[Scraped caption text data]
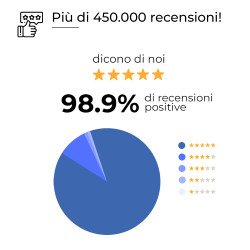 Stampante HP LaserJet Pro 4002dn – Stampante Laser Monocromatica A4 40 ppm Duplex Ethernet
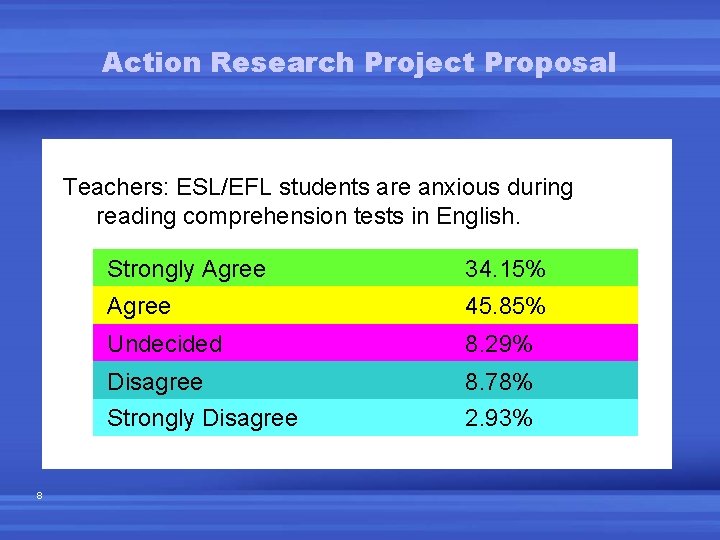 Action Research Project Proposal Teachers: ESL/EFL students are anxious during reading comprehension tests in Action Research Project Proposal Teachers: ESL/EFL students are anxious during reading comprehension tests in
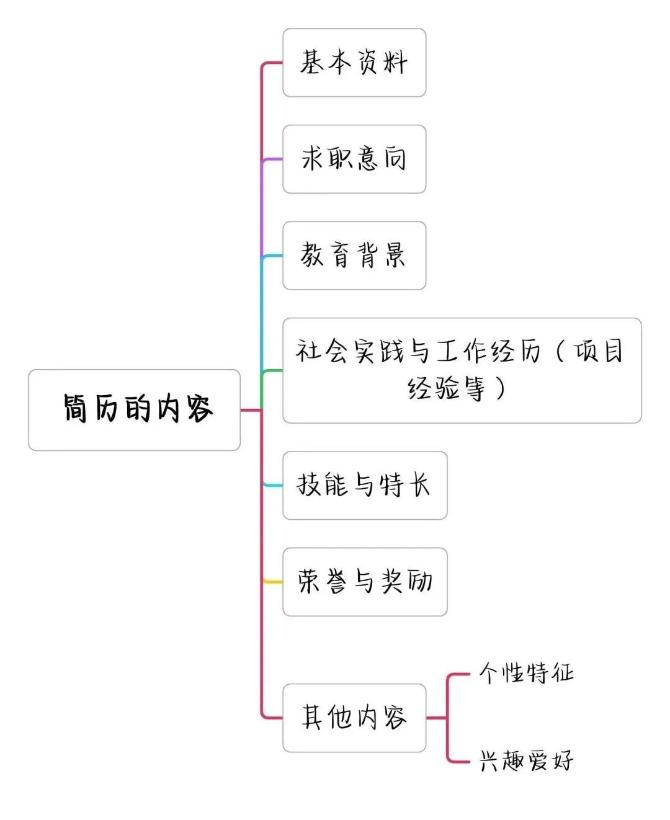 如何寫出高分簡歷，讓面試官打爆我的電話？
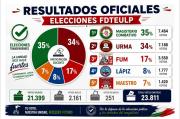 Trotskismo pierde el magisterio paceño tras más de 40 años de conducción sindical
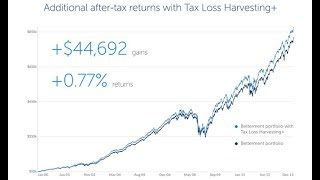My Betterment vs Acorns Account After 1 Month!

◆ **Task prompt**
Begin at the line containing "tests in Action" and stop at the last line of the data. Repeat only those lines, exactly, and leave out the pictures.

◆ **Exercise output**
 Action Research Project Proposal Teachers: ESL/EFL students are anxious during reading comprehension tests in Action Research Project Proposal Teachers: ESL/EFL students are anxious during reading comprehension tests in
 如何寫出高分簡歷，讓面試官打爆我的電話？
 Trotskismo pierde el magisterio paceño tras más de 40 años de conducción sindical
My Betterment vs Acorns Account After 1 Month!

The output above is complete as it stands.